Animals die in great numbers trying to cross human transportation systems.

When one provides the animals with crossings, they rush to use them (so are used even before they are finished, by a Noah’s ark of species).

Respecting nature is not just about the beauty and naturalness it provides us with, it is about respecting how we became who we are, at our best. We have to learn to share the planet with animals. Not just because we are smart, but also because they are smart and our smarts evolved from interacting with their smarts. So interacting with wild animals is smart all around… and it has made our species smarter! Wildlife interaction is how we evolved our smarts.

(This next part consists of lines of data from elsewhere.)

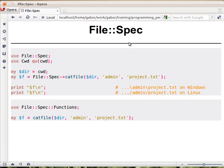It doesn't touch the file system, so it doesn't create an actual file. It just provides you the path, the string itself. And the interesting part, it works in a platform independent way.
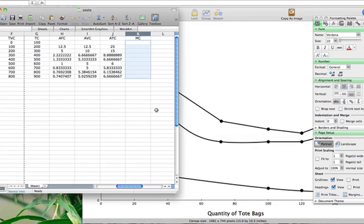Now let's take a look at marginal cost. Marginal cost is the additional cost associated with producing one more unit. Since fixed cost does not change with the production of more tote bags, only variable cost changes — we simply look at the change in total variable cost for a change in the number of units produced.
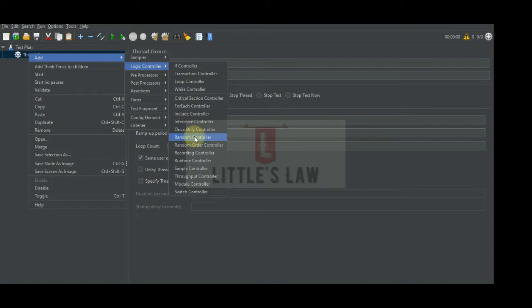Hi, hello and welcome to another episode on Little's Law YouTube channel. So far we have seen in our previous videos about some of the logic controllers, and we have seen some of the most important controllers like the if controller, the loop controller, the simple and transaction controller, the once only controller, and the interleave controller. I believe you would have watched all these videos and found them very useful.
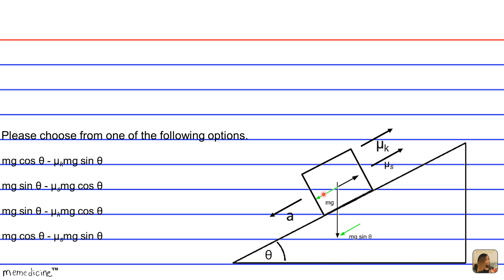We have the gravitational force parallel to the plane pulling the block down as it accelerates, and we subtract the force due to friction. We assign the forward direction as positive and backward as negative, so friction is negative. Since the block is in motion, the coefficient of kinetic friction mu sub k is used — not mu sub s. So we opt to use mu sub k.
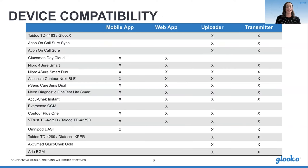This next slide shows our ever-increasing device compatibility, with a list of the 21 new devices added this year. We are compatible with over 95% of diabetes devices on the market today. For more information on device compatibility, you can visit us at gluco.com/compatibility to learn more.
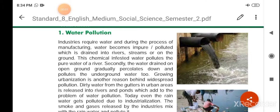Good morning children. Today we will read chapter 2: Environmental Pollution Part 2. Today we will read about Water Pollution.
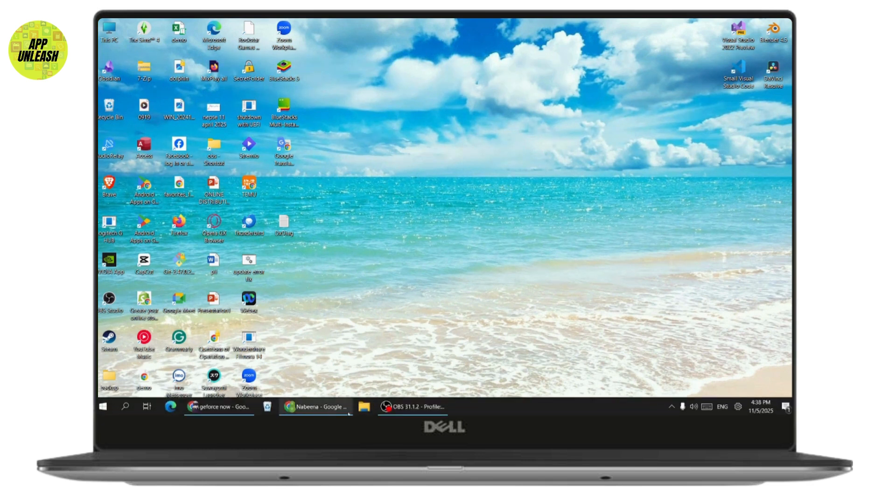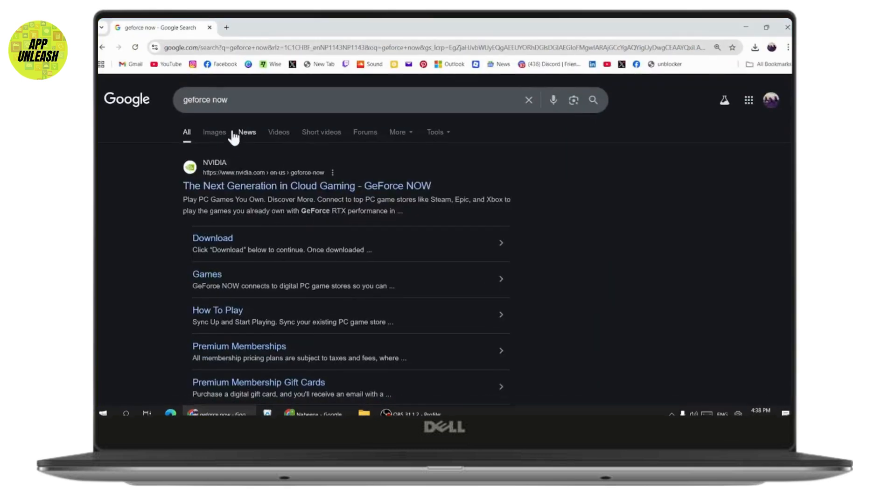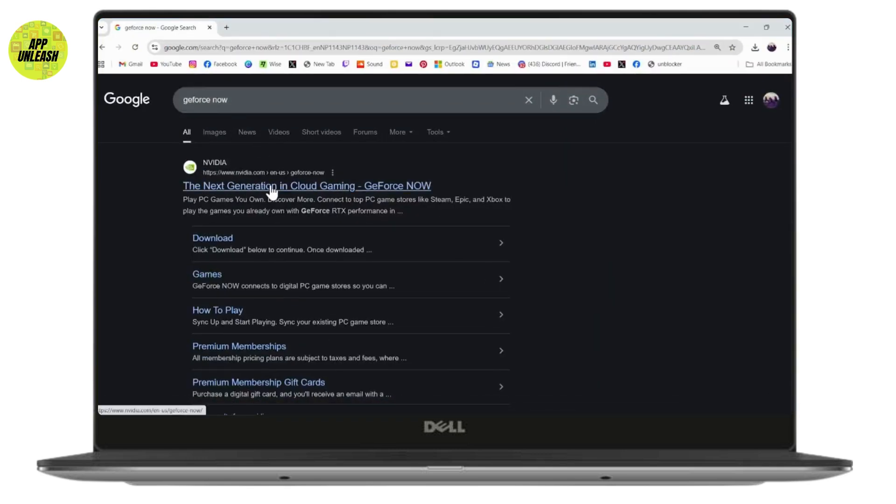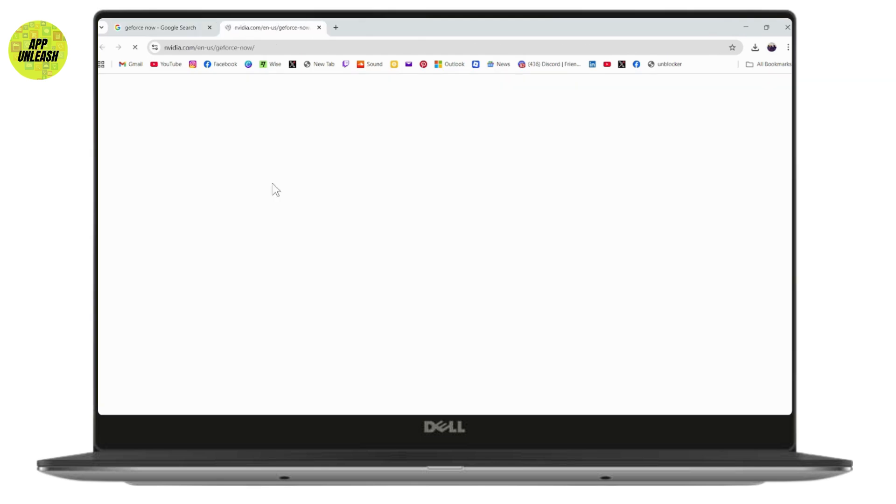Next, open up your browser, any browser that you're comfortable with. Search for GeForce Now. Once you've searched, you will find the official GeForce website. Click on it.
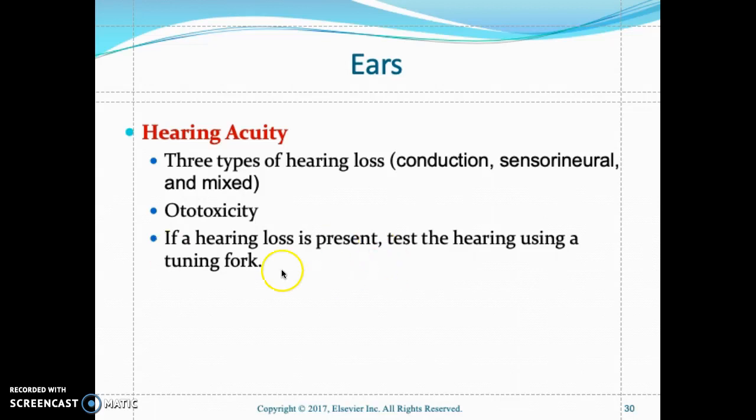Mixed hearing loss is a combination of conductive and sensorineural hearing loss. Ototoxic medications — including certain antibiotics such as aminoglycosides like streptomycin, amikacin, neomycin, and kanamycin — are known to cause damage to the ear. These medications are ototoxic.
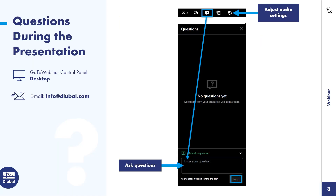First I would like to show you how to use the training interface. The settings allow you to adjust your audio settings. There's also a chat function. You can use the window at the bottom to send us questions or comments, and we try to answer these questions within the training.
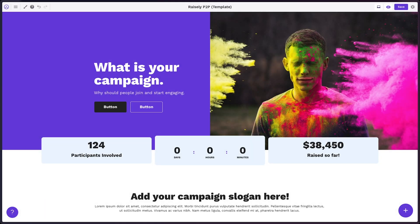Buttons on your campaign pages play a really significant role in guiding the user around the site. So let's explore how to actually edit your buttons.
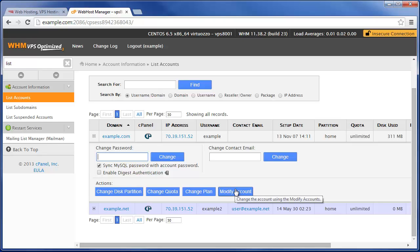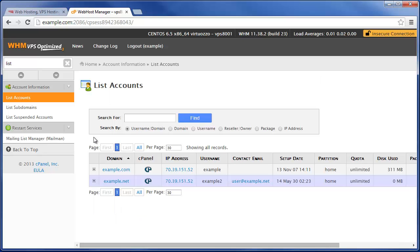And that's basically how the list accounts function in WHM can easily help you manage your cPanel accounts and see what is on your server. So I hope you learned a little bit today, and as always this is Jacob Nicholson with InMotion Hosting. Thanks a lot for watching.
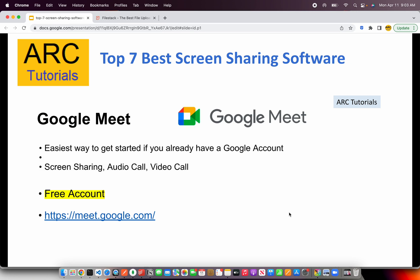Now let's get started with the top 7 best screen sharing softwares. The first and foremost in our list is Google Meet. That's the easiest way to get started if you already have a Google account, through which you can share your screen. You can have an audio call or a video screen sharing session as well. It's free, so you can just sign up for Google and go to meet.google.com, or if you are using Google Workspace, it's already available in your left navigation bar. Do check out meet.google.com if you are looking for a simple, free software to get started with screen sharing.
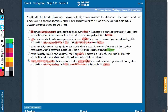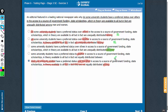For these reasons, answer choices A, B, D, and E are incorrect. Let's look at C. Some university students have a preferred status over others — some students being compared with others, plural versus plural comparison, that's all right. In access to a source of government funding, state scholarships, which — 'which' is referring to scholarships. Scholarships, which in theory are available to all, but in fact are unequally distributed. In C, 'in theory are something' and 'in fact are something else' — quite parallel. Answer choice C is the best answer choice.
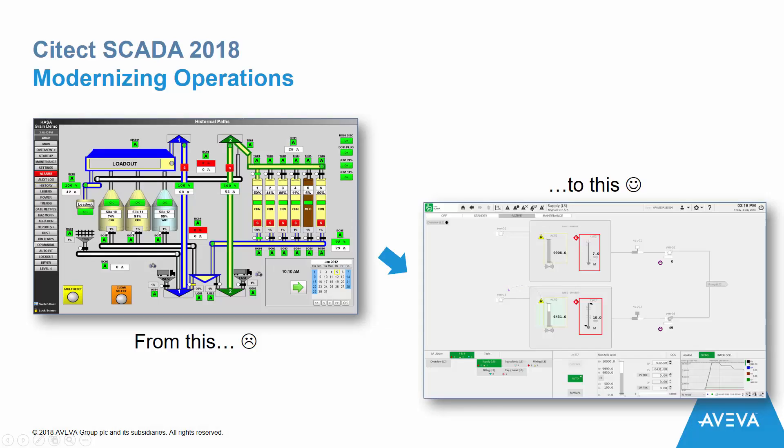SciTech SCADA 2018 is focused around two key objectives. First, modernizing operations — deploying situational awareness principles and native alarm management capabilities to reduce information overload and facilitate effective real-time decision-making for the operator.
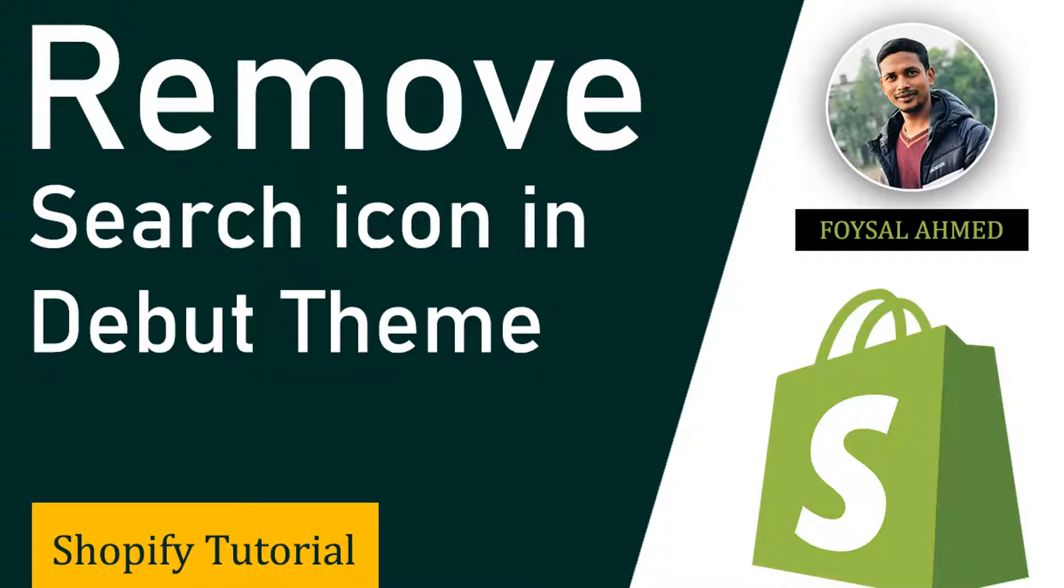Hi dear, welcome to [channel]. In this tutorial today I'm going to show you how to remove the search icon in the Debut theme from your Shopify online store. So if you are using Shopify for your online store, you can continue this tutorial. Let's get started.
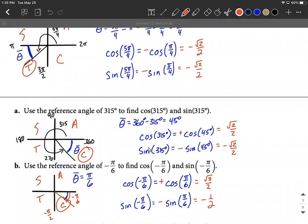I hope this helps as we're finding reference angles and then utilizing those to evaluate functions of larger angles or negative angles. Good luck.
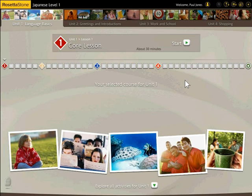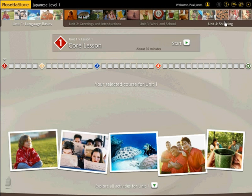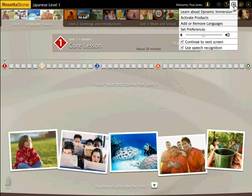To deactivate Rosetta Stone, open Rosetta Stone Version 3. Click the Preferences icon. From the Preferences drop-down, select Add or Remove Languages.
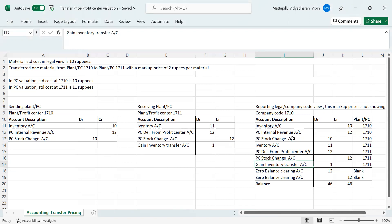This is the way transfer pricing helps you for internal profitability reporting, to capture the internal markup profit department-wise, while at the same time not impacting your legal reporting. I hope you have understood this. If you have any questions, please comment under this video. If you like this video, please subscribe so you will get notified of my next video, where I will be explaining the configurations you need to set up for transfer pricing. Thank you.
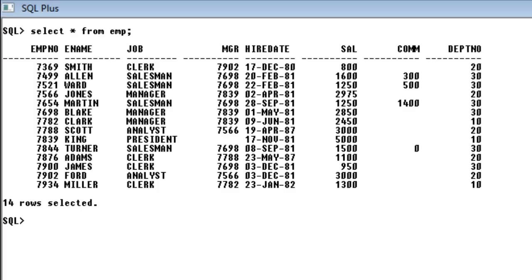Hi friends, Radhika Ravikumar here. Today we will have a look at the GROUP BY clause in SQL.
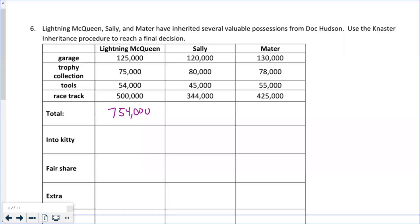Lightning McQueen's total bid — we total all his bids: $125,000 plus $75,000 is $200,000 plus more — total is $754,000. Sally's total is $120,000 plus $80,000 that's $200,000, total $589,000. Then Mater — let's add Mater's numbers: $130,000 plus $78,000 plus $55,000 — that's $263,000 in bids, total $688,000.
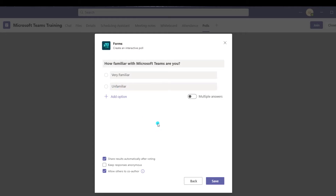If you want respondents to be able to select multiple answers, go ahead and toggle this on. In this case, I only want respondents to be able to provide one response. Then you can determine whether you want to share the results automatically after voting — this will display the results right in the meeting chat.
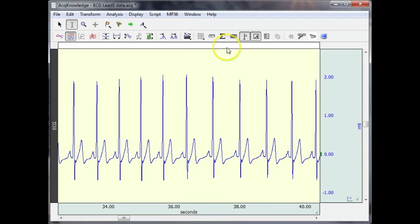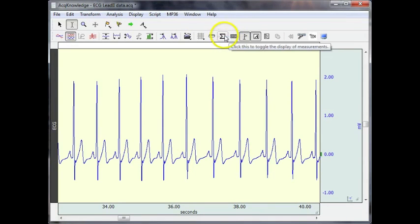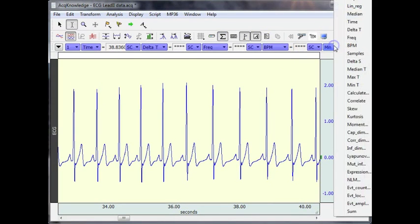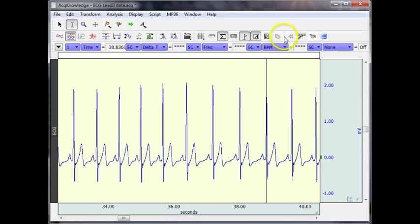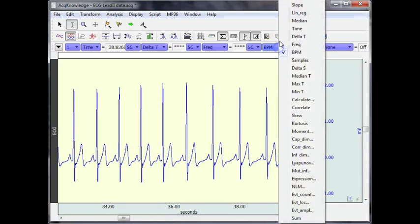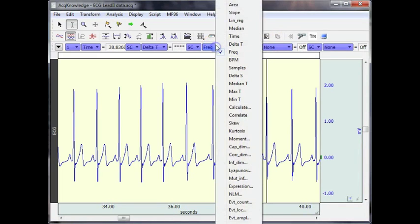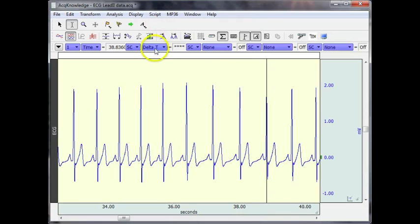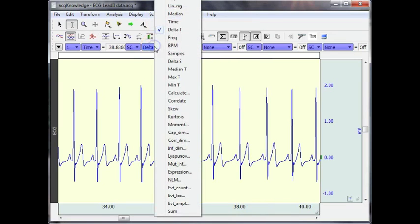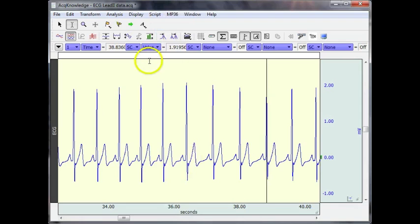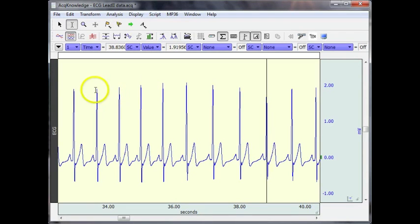One of the nice things about the peak detector is its ability to take a measurement. So I'm going to turn my measurement boxes on and I'm going to turn some of these off. I don't need them all for what we're going to be doing.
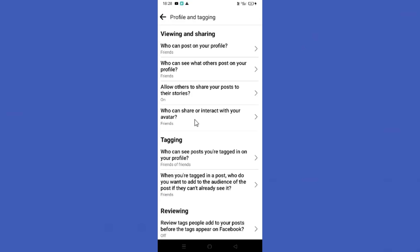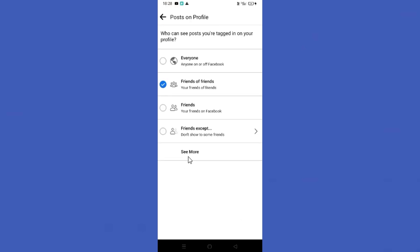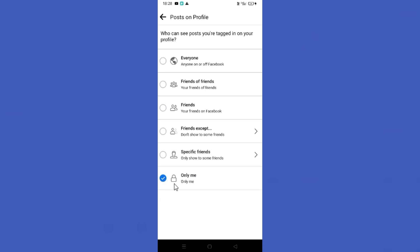Now you need to click the first option in here and click on the See More button. Here you can see the Only Me option. So tap on it to hide your old Facebook photos you posted. Hope this video is helpful for you guys. See you in the next video.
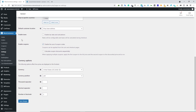Next, we have Enable Taxes. You can enable this option if you want. By enabling it, your customer or buyer can calculate the tax rate on the checkout page. You will find out more about that in a different video, but for now you can enable this option if you want.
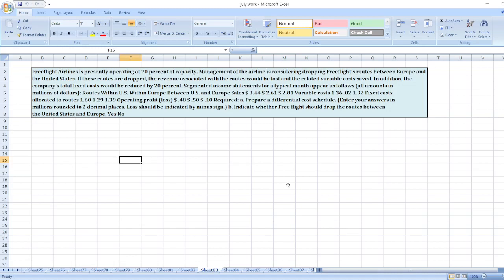Free Flight Airlines is presently operating at 70% of capacity. Management of the airline is considering dropping free flight routes between Europe and the United States. If these routes are dropped, revenue associated with the routes would be lost and related variable costs saved.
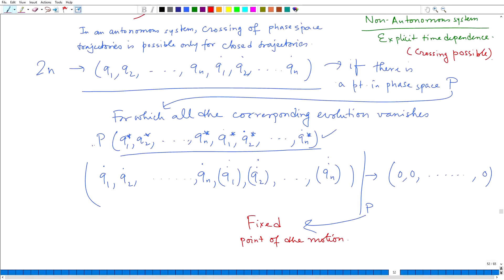Instead of calling q1 a coordinate and q1-dot a velocity, if we treat all of them as more generalized coordinates, we can define a corresponding ensemble of generalized velocities: q1-dot, q2-dot, ..., qn-dot and q1-double-dot, q2-double-dot, ..., qn-double-dot. At a fixed point all these generalized velocities vanish identically. What fixed points are and their properties will be covered in the next lecture. Thank you very much.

Not book smarts, but the deepest smarts.

Hence by respecting animals, we respect how we became human… and it keeps on being human to do so. Economy means managing the house, in particular, managing earth, which is our common house. As the greenhouse heating proceeds at an accelerating pace, we then have to reserve an increasing part of our economic activity to save the animals by helping them to cope with the changes we have brought.

Morality comes from the mores, the old ways, the ways which perdured, and thus, insure survival. Having a natural environment, full of animals, is the ultimate morality. If we can’t save them, how can we learn to save ourselves?

So it is not just smart and economic to save the animals, but also moral. The money engaged so far is quite small. But the price of an unbalanced environment tottering towards ruin, is incomparably higher. For a nice article with nice videos of animals using their smarts crossing freeways and roads, consider:

As a badger digs, say for ground squirrels whose burrows have many exits, could not it be that the coyote would seize a fleeing squirrel, and share the meal? This is basic economics and strategy, and it turns out that coyotes and badgers have figured out that behavior, and cooperate together.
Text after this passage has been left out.